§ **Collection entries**

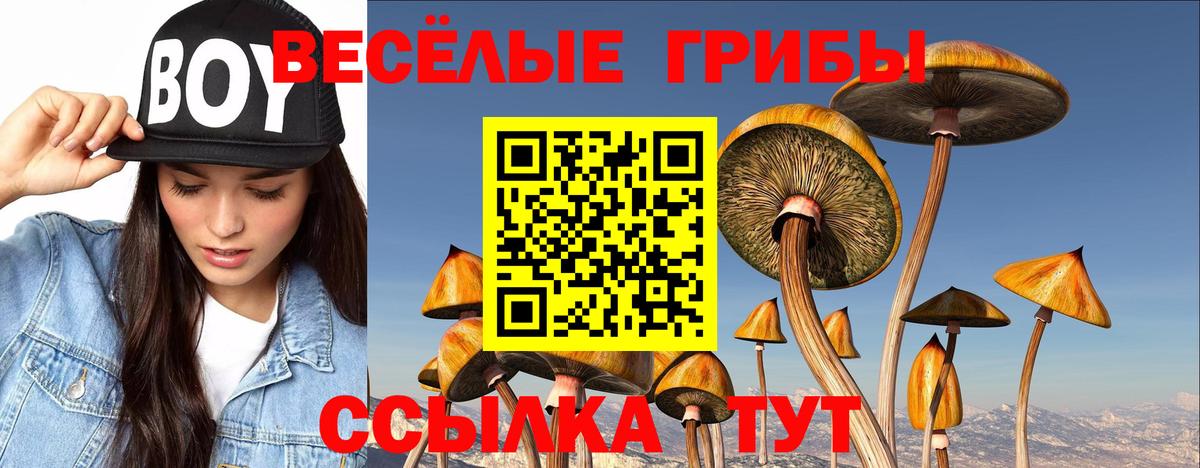 Галлюциногенные грибы Cubensis Новодвинск
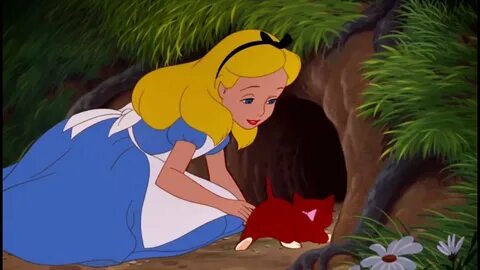 Rabbit hole 18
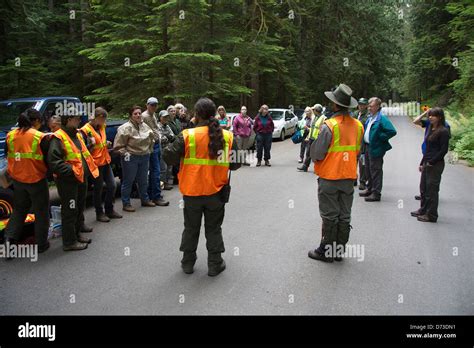 IMG 0603 2 Stock Photo - Alamy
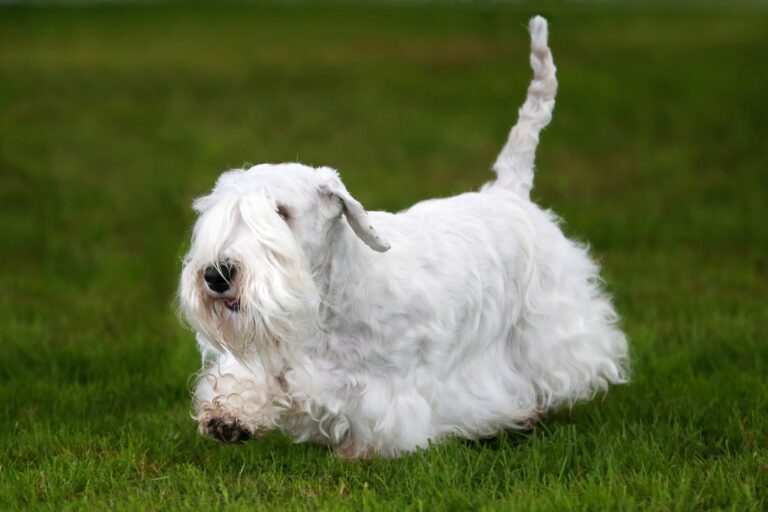 Sealyham terrier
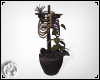 Witch Plants Skeleton
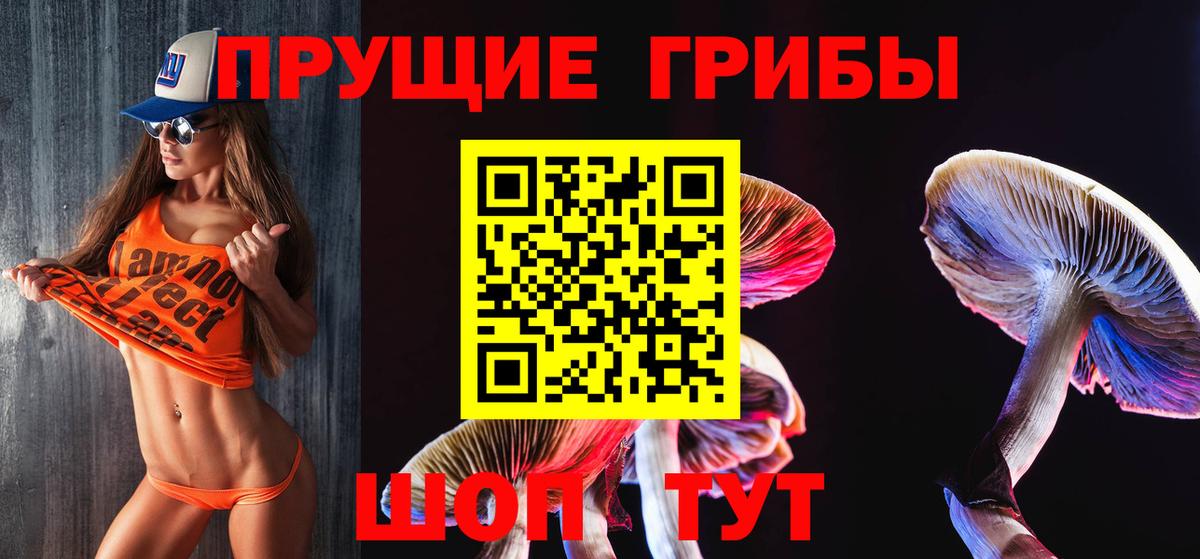 Галлюциногенные грибы Magic Shrooms Гусиноозёрск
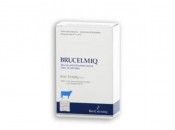 Brucelmiq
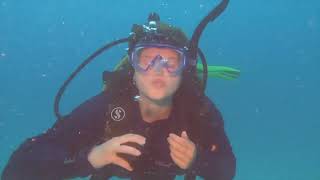 Scuba Diving the Great Barrier Reef on a Liveaboard | The Solo Scuba Diver 60+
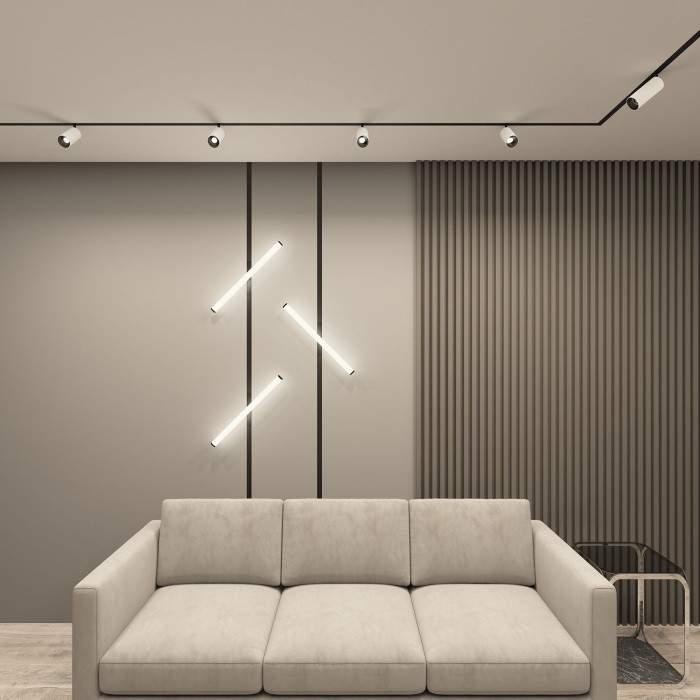 Трековый светильник SMART SPOT DK8041-BW+BK Denkirs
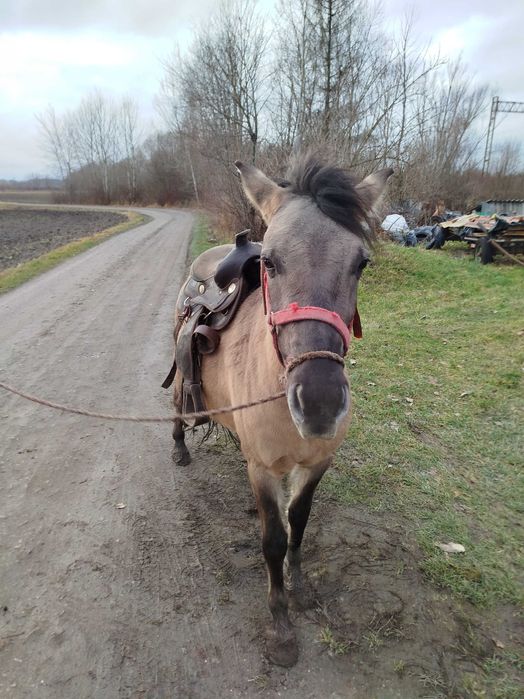 Klacz Konik Polski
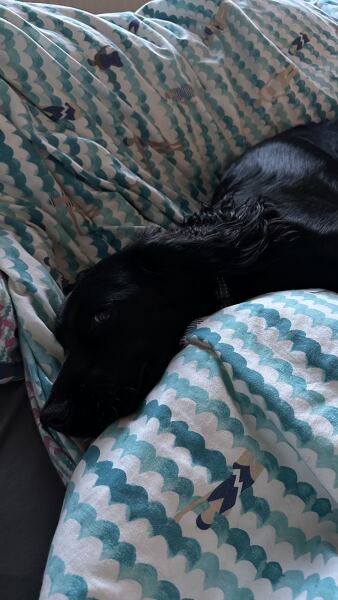 Beyond Adolescence - a thread to chat about grown up dogs, cake and anything else, excluding coffee.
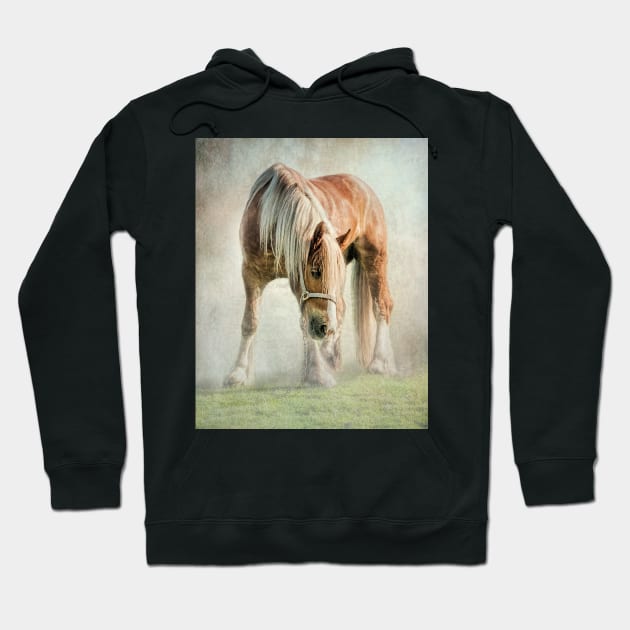 Gypsy in the morning mist Hoodie by Tarrby
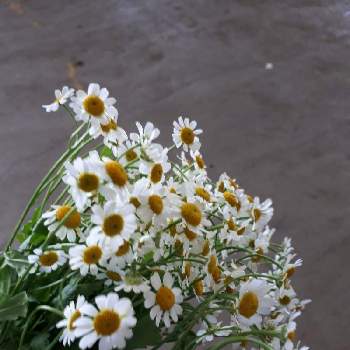 マトリカリア,白い花,花市場,仕事先,はなのある暮らしの画像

§ **TASK DESCRIPTION**
Please restate the data word for word, leaving out any picture it holds.

§ **EXERCISE RESULT**
 Галлюциногенные грибы Cubensis Новодвинск
 Rabbit hole 18
 IMG 0603 2 Stock Photo - Alamy
 Sealyham terrier
 Witch Plants Skeleton
 Галлюциногенные грибы Magic Shrooms Гусиноозёрск
 Brucelmiq
 Scuba Diving the Great Barrier Reef on a Liveaboard | The Solo Scuba Diver 60+
 Трековый светильник SMART SPOT DK8041-BW+BK Denkirs
 Klacz Konik Polski
 Beyond Adolescence - a thread to chat about grown up dogs, cake and anything else, excluding coffee.
 Gypsy in the morning mist Hoodie by Tarrby
 マトリカリア,白い花,花市場,仕事先,はなのある暮らしの画像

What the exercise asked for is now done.